Researchers from Massachusetts General Hospital Cancer Center developed a digital PCR assay in an attempt to improve detection of cancer cells in the blood of patients with HCC. Using a circulating tumor cell-iChip that was developed at the Massachusetts General Hospital Center for Engineering in Medicine, researchers assayed blood samples from 6 groups of individuals: patients with newly diagnosed HCC, patients receiving treatment who had existing evidence of disease, patients who appeared to be cured after surgical treatment, patients at risk of developing HCC because of other chronic liver diseases, patients with other types of cancer, and healthy volunteers.

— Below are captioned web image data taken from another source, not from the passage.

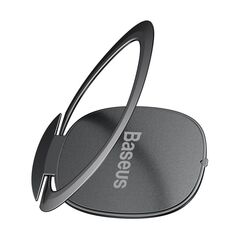 Baseus Baseus Invisible Ring holder for smartphones (tarnish) 022991  SUYB-0A έως και 12 άτοκες δόσεις 6953156223004
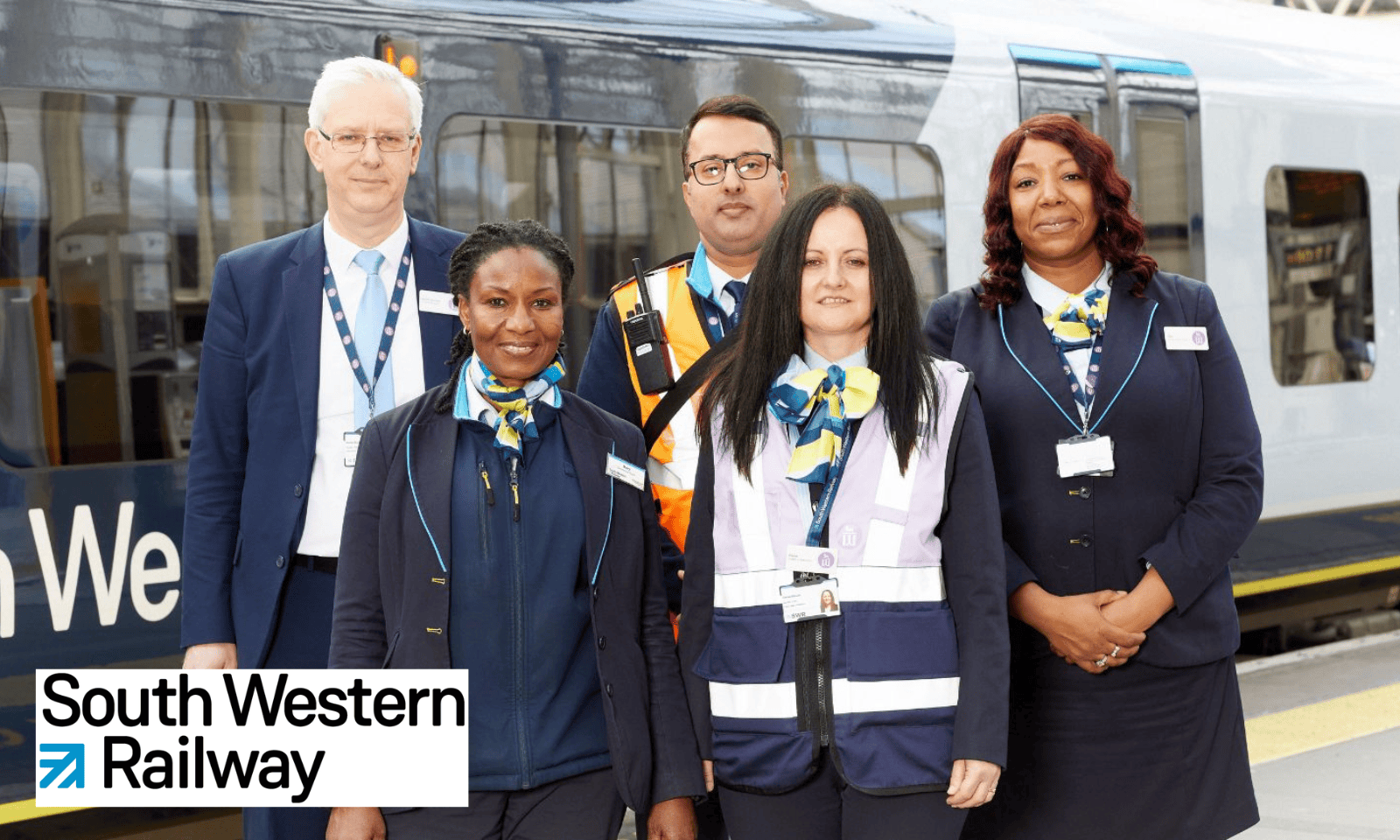 SWR Train Guardsand Drivers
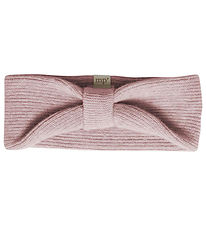 MP Headband - Knitted - French Rose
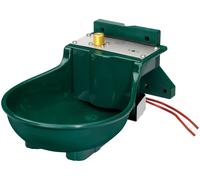 Lister Abbeveratoio in plastica 230V/45W SB112ZPS Riscaldabile, con valvola a galleggiante
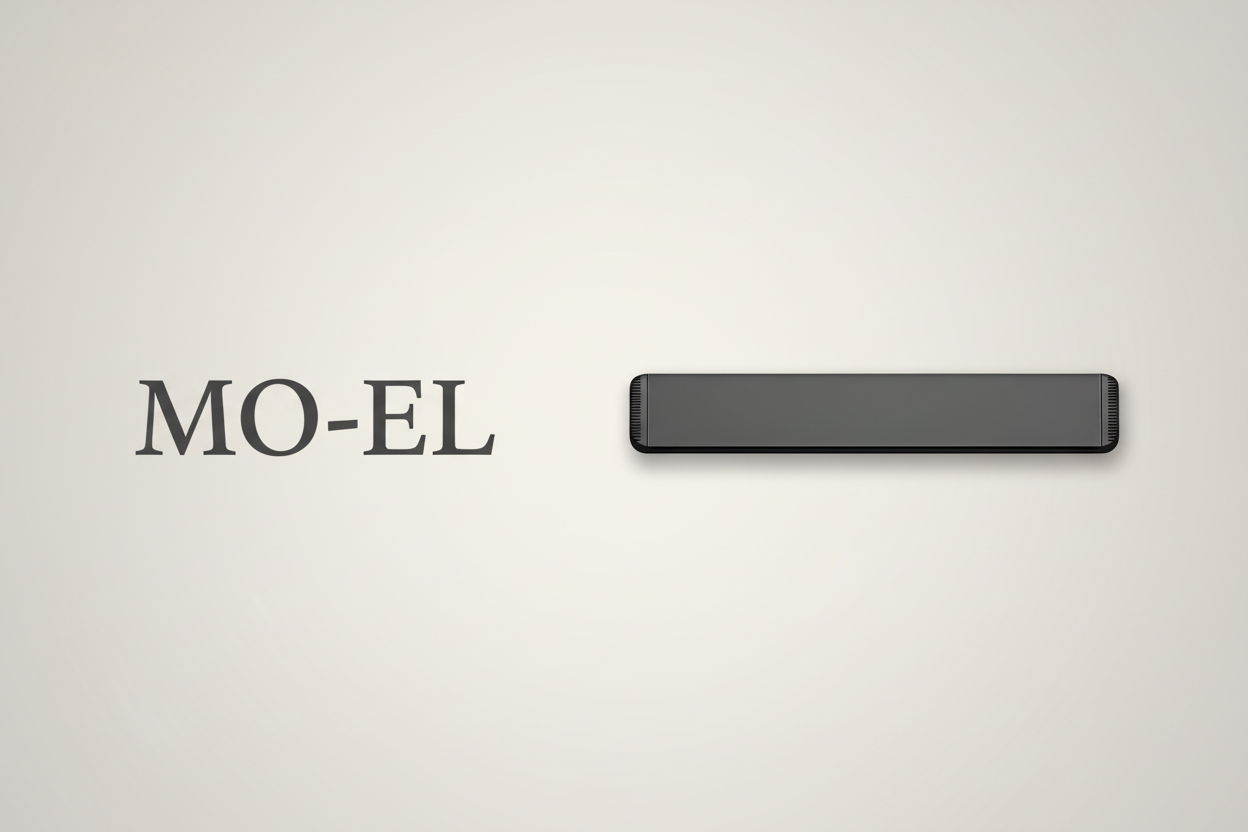 MO-EL 1800W collectiebanner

Results of the digital assay showed significantly higher levels of HCC-associated RNA transcripts in blood sampled from patients with HCC than from those with other cancers, chronic liver disease, or healthy controls. A circulating tumor cell score based on the RNA transcripts most associated with HCC generated positive results for more than half of those with untreated HCC. Approximately 28% of patients currently being treated had positive scores.

To determine whether circulating tumor cell scoring could improve diagnosis accuracy compared to the common-practice alpha-fetoprotein (AFP) screening, researchers compared both methods using blood samples from 15 newly diagnosed patients. The circulating tumor cell score detected presence of HCC in 4 patients that AFP did not. AFP alone only detected HCC in one patient that the circulating tumor cell score did not. Combined or used alone, the two tests produced positive results in 67% of patients.

Previous studies have shown combining AFP with specific assays improves diagnosis and leads to a 37% drop in mortality in patients with cancer, but authors acknowledge that accessibility of such tests is limited in developing countries, where the risk of HCC is highest.

"Although there are major hurdles to global implementation of CTC-based digital PCR to screen for HCC, we believe they are surmountable," says Mark Kalinich, Massachusetts General Hospital Cancer Center, co-author of the report. "With the blood stabilization techniques currently being developed in Mehmet Toner's lab at the Center for Engineering in Medicine, blood draws from anywhere in the world could be analyzed at central processing facilities, enabling the high throughput required for global screening efforts."